To support nested tunnels, the outer tunnel must:
- Allow inner tunnel control messages to any destination. PPTP control uses TCP/1723, while IPsec control (IKE) typically uses UDP/500.
- Allow inner tunnel encapsulated data to any destination. PPTP uses GRE (protocol 47), while IPsec typically uses ESP (protocol 50).
Many IPsec products can be configured to do (1), but (2) is a bigger challenge. After consulting with a few colleagues, I have concluded that, while some VPN clients may officially support nested tunnels, most do not.
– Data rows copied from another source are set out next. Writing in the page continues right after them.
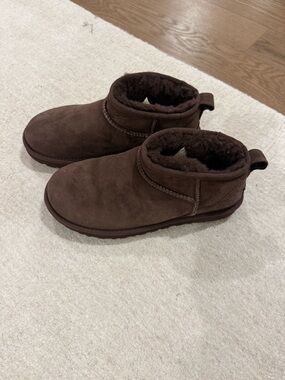 UGGs Ultra Mini
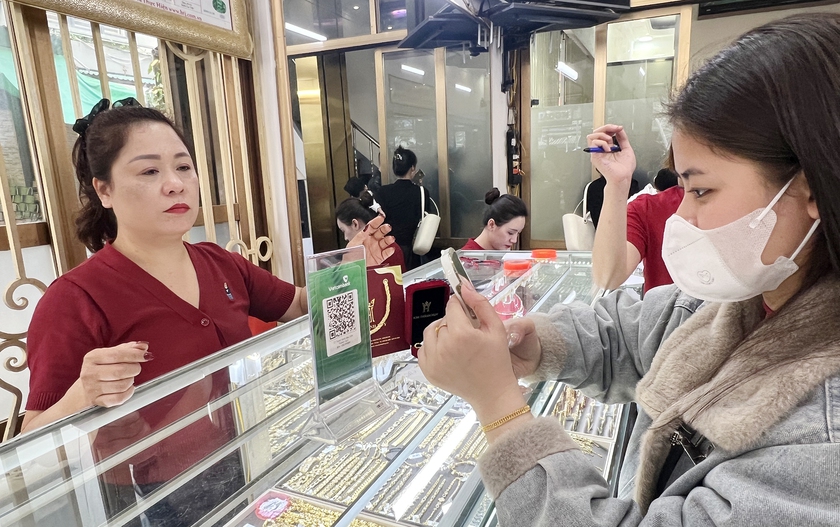 Người d&acirc;n chen ch&uacute;c mua v&agrave;ng ng&agrave;y v&iacute;a Thần T&agrave;i Xu&acirc;n B&iacute;nh Ngọ - Ảnh 11.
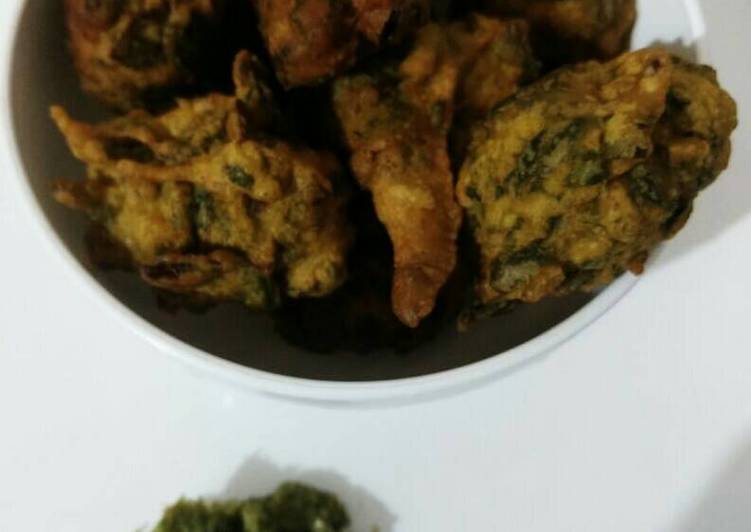 Steps to Prepare Ultimate Methi palak pakoda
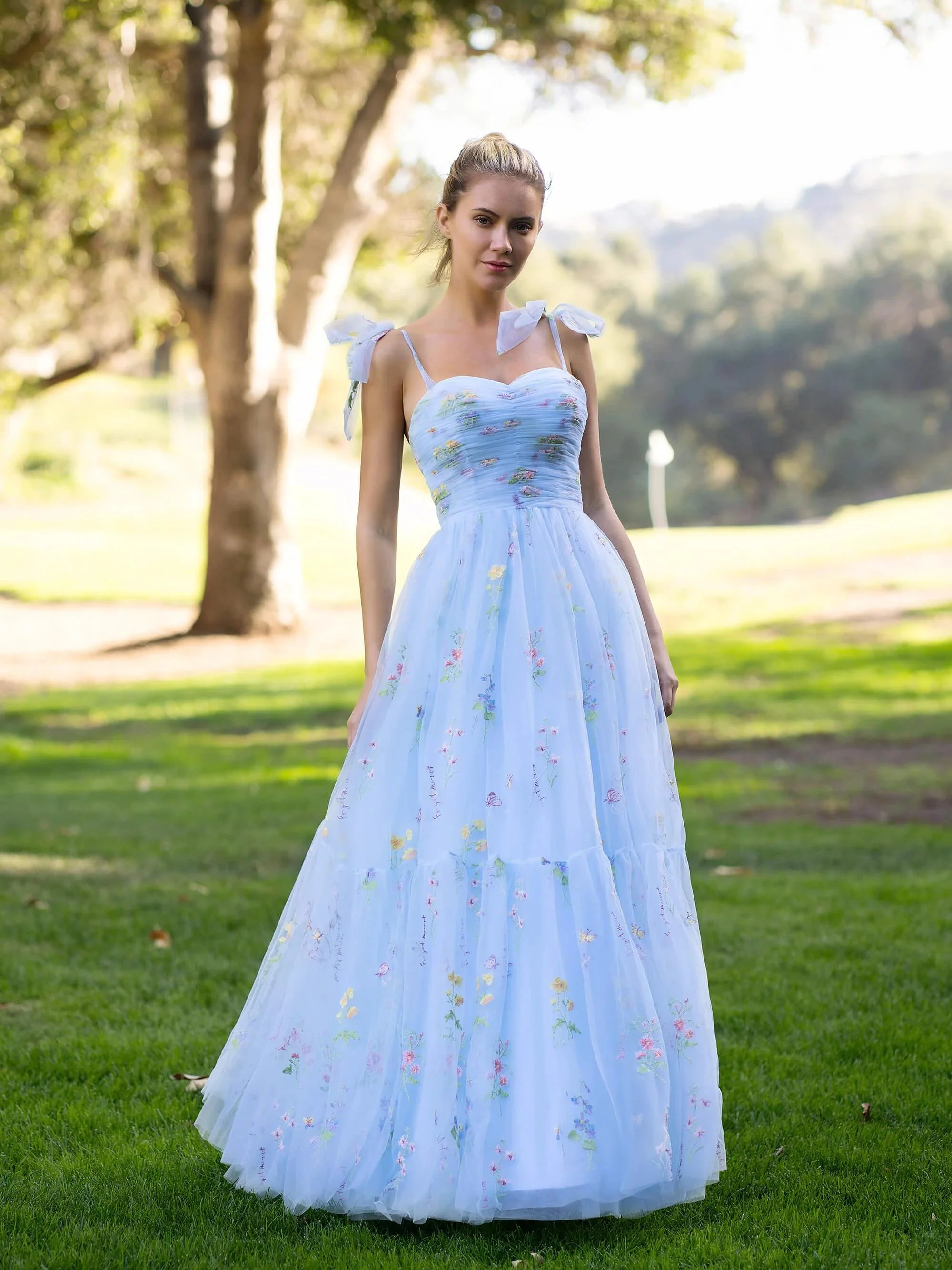 Sweetheart Neck Floor Length Tulle Embroidery Floral Prom Dress - Image 2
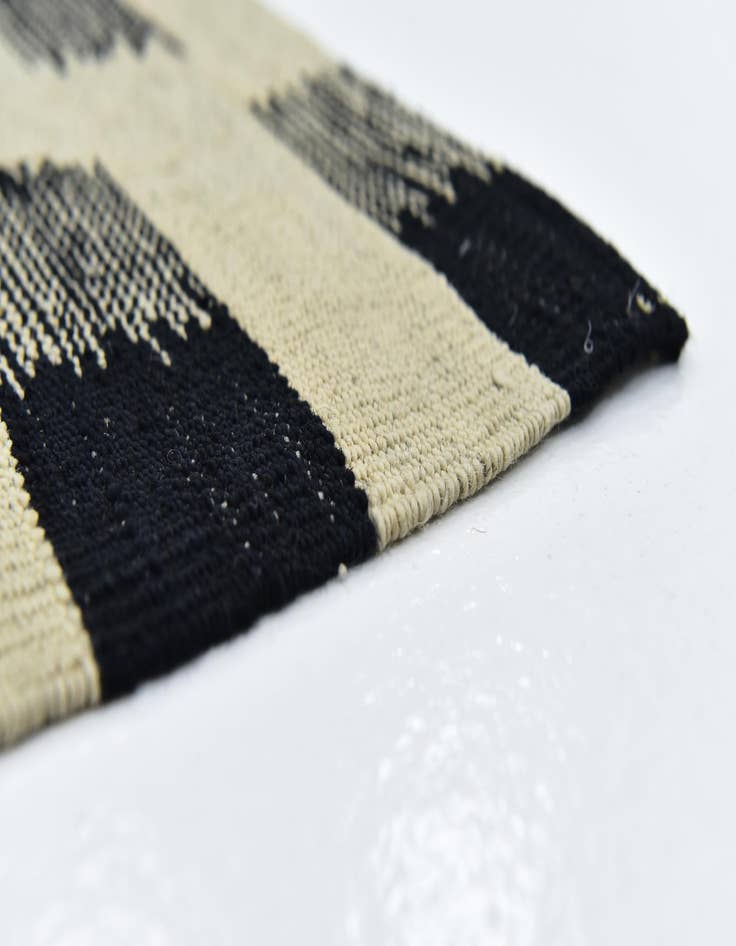 Detail image of  6' 2 x 7' 10  Hand Woven Kilim Modern Wool Rug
Moreover, nesting is quite unlikely to work in a multi-vendor environment where you have a mixture of Microsoft and third-party clients hitting your WLAN VPN gateway. In other words, even if you can get this to work for one client like SecuRemote, you'll have a hard time getting it to work in general.
A better answer may be to support VPN pass-through for stations that need to reach distant VPN gateways. Firewalls and VPN gateways that support "VPN pass through" can permit outbound tunneled traffic to pass through NAT. Local VPN tunnels can still be terminated by your WLAN VPN gateway for your own users. To learn more about VPN pass-through and IPsec NAT traversal, see http://www.ietf.org/internet-drafts/draft-ietf-ipsec-nat-reqts-04.txt. In this configuration, you won't have nested tunnels - you'll have side-by-side tunnels, where each station is permitted to tunnel either to your local WLAN gateway OR to a distant VPN gateway.